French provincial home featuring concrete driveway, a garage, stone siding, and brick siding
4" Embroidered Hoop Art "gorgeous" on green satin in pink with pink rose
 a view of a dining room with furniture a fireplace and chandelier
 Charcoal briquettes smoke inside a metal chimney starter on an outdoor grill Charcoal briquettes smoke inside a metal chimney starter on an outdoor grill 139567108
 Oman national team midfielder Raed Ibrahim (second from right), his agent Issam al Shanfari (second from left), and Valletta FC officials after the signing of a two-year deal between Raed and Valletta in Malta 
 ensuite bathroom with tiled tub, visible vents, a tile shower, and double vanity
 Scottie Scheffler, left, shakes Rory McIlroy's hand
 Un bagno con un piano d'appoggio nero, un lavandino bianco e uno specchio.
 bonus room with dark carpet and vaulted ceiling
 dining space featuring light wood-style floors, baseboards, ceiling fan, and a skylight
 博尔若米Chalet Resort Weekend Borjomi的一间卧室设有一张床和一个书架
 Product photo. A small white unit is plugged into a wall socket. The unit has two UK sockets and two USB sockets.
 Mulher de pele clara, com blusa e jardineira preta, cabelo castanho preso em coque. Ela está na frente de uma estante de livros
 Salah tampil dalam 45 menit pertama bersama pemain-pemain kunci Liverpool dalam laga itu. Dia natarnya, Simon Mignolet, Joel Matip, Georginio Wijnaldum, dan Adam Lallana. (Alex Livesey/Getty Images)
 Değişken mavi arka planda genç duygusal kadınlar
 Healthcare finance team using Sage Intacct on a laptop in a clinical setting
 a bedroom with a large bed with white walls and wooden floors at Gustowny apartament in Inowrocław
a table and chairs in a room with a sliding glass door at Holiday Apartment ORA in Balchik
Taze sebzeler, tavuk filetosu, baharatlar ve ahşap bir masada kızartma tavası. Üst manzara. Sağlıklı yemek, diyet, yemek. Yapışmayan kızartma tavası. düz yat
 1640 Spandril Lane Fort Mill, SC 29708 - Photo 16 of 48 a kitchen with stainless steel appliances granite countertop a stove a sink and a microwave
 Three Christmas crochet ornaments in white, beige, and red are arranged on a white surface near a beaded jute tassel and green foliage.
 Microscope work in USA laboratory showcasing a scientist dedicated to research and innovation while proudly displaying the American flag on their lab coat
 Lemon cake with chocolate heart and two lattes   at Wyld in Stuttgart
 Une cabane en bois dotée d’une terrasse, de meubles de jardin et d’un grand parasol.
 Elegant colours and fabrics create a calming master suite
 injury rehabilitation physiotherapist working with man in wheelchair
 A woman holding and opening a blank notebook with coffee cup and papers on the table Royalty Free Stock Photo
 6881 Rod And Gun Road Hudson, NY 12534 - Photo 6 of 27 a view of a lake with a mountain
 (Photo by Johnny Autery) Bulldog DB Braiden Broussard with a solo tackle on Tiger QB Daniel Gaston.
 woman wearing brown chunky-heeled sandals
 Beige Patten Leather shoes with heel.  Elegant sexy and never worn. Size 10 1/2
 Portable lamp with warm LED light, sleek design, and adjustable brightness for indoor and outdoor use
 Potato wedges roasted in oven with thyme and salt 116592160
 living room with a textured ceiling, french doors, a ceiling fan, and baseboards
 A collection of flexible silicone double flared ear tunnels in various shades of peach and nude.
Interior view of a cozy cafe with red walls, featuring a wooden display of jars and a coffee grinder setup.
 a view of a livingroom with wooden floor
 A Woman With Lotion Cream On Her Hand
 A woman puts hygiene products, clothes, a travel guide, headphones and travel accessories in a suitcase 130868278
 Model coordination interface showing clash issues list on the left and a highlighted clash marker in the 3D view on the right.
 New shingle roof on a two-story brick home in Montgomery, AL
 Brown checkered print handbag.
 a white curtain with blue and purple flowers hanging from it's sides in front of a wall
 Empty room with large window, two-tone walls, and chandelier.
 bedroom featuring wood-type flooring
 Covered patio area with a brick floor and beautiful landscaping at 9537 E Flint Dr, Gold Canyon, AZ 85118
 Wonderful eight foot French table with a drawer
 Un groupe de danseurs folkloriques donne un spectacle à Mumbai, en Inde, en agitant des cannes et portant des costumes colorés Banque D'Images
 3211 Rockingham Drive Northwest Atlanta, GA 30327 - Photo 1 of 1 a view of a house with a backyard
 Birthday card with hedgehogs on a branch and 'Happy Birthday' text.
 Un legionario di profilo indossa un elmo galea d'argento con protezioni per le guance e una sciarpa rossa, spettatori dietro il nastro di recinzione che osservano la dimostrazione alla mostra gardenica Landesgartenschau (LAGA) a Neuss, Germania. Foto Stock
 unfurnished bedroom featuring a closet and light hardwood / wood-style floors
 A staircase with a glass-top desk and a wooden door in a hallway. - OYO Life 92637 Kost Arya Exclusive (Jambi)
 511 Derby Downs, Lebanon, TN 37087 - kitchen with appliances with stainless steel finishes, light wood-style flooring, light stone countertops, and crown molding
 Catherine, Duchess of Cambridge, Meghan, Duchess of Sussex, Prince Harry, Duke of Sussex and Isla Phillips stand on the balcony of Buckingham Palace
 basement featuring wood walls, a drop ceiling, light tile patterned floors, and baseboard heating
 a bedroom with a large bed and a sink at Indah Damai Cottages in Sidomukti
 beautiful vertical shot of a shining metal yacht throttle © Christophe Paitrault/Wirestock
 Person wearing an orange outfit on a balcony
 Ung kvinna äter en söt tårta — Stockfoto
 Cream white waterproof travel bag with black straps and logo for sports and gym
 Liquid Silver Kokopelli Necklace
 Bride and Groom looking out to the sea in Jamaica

Activity:
The whole listing above, line by line, is to be retyped exactly.

Solution for this exercise:
French provincial home featuring concrete driveway, a garage, stone siding, and brick siding
4" Embroidered Hoop Art "gorgeous" on green satin in pink with pink rose
 a view of a dining room with furniture a fireplace and chandelier
 Charcoal briquettes smoke inside a metal chimney starter on an outdoor grill Charcoal briquettes smoke inside a metal chimney starter on an outdoor grill 139567108
 Oman national team midfielder Raed Ibrahim (second from right), his agent Issam al Shanfari (second from left), and Valletta FC officials after the signing of a two-year deal between Raed and Valletta in Malta 
 ensuite bathroom with tiled tub, visible vents, a tile shower, and double vanity
 Scottie Scheffler, left, shakes Rory McIlroy's hand
 Un bagno con un piano d'appoggio nero, un lavandino bianco e uno specchio.
 bonus room with dark carpet and vaulted ceiling
 dining space featuring light wood-style floors, baseboards, ceiling fan, and a skylight
 博尔若米Chalet Resort Weekend Borjomi的一间卧室设有一张床和一个书架
 Product photo. A small white unit is plugged into a wall socket. The unit has two UK sockets and two USB sockets.
 Mulher de pele clara, com blusa e jardineira preta, cabelo castanho preso em coque. Ela está na frente de uma estante de livros
 Salah tampil dalam 45 menit pertama bersama pemain-pemain kunci Liverpool dalam laga itu. Dia natarnya, Simon Mignolet, Joel Matip, Georginio Wijnaldum, dan Adam Lallana. (Alex Livesey/Getty Images)
 Değişken mavi arka planda genç duygusal kadınlar
 Healthcare finance team using Sage Intacct on a laptop in a clinical setting
 a bedroom with a large bed with white walls and wooden floors at Gustowny apartament in Inowrocław
a table and chairs in a room with a sliding glass door at Holiday Apartment ORA in Balchik
Taze sebzeler, tavuk filetosu, baharatlar ve ahşap bir masada kızartma tavası. Üst manzara. Sağlıklı yemek, diyet, yemek. Yapışmayan kızartma tavası. düz yat
 1640 Spandril Lane Fort Mill, SC 29708 - Photo 16 of 48 a kitchen with stainless steel appliances granite countertop a stove a sink and a microwave
 Three Christmas crochet ornaments in white, beige, and red are arranged on a white surface near a beaded jute tassel and green foliage.
 Microscope work in USA laboratory showcasing a scientist dedicated to research and innovation while proudly displaying the American flag on their lab coat
 Lemon cake with chocolate heart and two lattes   at Wyld in Stuttgart
 Une cabane en bois dotée d’une terrasse, de meubles de jardin et d’un grand parasol.
 Elegant colours and fabrics create a calming master suite
 injury rehabilitation physiotherapist working with man in wheelchair
 A woman holding and opening a blank notebook with coffee cup and papers on the table Royalty Free Stock Photo
 6881 Rod And Gun Road Hudson, NY 12534 - Photo 6 of 27 a view of a lake with a mountain
 (Photo by Johnny Autery) Bulldog DB Braiden Broussard with a solo tackle on Tiger QB Daniel Gaston.
 woman wearing brown chunky-heeled sandals
 Beige Patten Leather shoes with heel.  Elegant sexy and never worn. Size 10 1/2
 Portable lamp with warm LED light, sleek design, and adjustable brightness for indoor and outdoor use
 Potato wedges roasted in oven with thyme and salt 116592160
 living room with a textured ceiling, french doors, a ceiling fan, and baseboards
 A collection of flexible silicone double flared ear tunnels in various shades of peach and nude.
Interior view of a cozy cafe with red walls, featuring a wooden display of jars and a coffee grinder setup.
 a view of a livingroom with wooden floor
 A Woman With Lotion Cream On Her Hand
 A woman puts hygiene products, clothes, a travel guide, headphones and travel accessories in a suitcase 130868278
 Model coordination interface showing clash issues list on the left and a highlighted clash marker in the 3D view on the right.
 New shingle roof on a two-story brick home in Montgomery, AL
 Brown checkered print handbag.
 a white curtain with blue and purple flowers hanging from it's sides in front of a wall
 Empty room with large window, two-tone walls, and chandelier.
 bedroom featuring wood-type flooring
 Covered patio area with a brick floor and beautiful landscaping at 9537 E Flint Dr, Gold Canyon, AZ 85118
 Wonderful eight foot French table with a drawer
 Un groupe de danseurs folkloriques donne un spectacle à Mumbai, en Inde, en agitant des cannes et portant des costumes colorés Banque D'Images
 3211 Rockingham Drive Northwest Atlanta, GA 30327 - Photo 1 of 1 a view of a house with a backyard
 Birthday card with hedgehogs on a branch and 'Happy Birthday' text.
 Un legionario di profilo indossa un elmo galea d'argento con protezioni per le guance e una sciarpa rossa, spettatori dietro il nastro di recinzione che osservano la dimostrazione alla mostra gardenica Landesgartenschau (LAGA) a Neuss, Germania. Foto Stock
 unfurnished bedroom featuring a closet and light hardwood / wood-style floors
 A staircase with a glass-top desk and a wooden door in a hallway. - OYO Life 92637 Kost Arya Exclusive (Jambi)
 511 Derby Downs, Lebanon, TN 37087 - kitchen with appliances with stainless steel finishes, light wood-style flooring, light stone countertops, and crown molding
 Catherine, Duchess of Cambridge, Meghan, Duchess of Sussex, Prince Harry, Duke of Sussex and Isla Phillips stand on the balcony of Buckingham Palace
 basement featuring wood walls, a drop ceiling, light tile patterned floors, and baseboard heating
 a bedroom with a large bed and a sink at Indah Damai Cottages in Sidomukti
 beautiful vertical shot of a shining metal yacht throttle © Christophe Paitrault/Wirestock
 Person wearing an orange outfit on a balcony
 Ung kvinna äter en söt tårta — Stockfoto
 Cream white waterproof travel bag with black straps and logo for sports and gym
 Liquid Silver Kokopelli Necklace
 Bride and Groom looking out to the sea in Jamaica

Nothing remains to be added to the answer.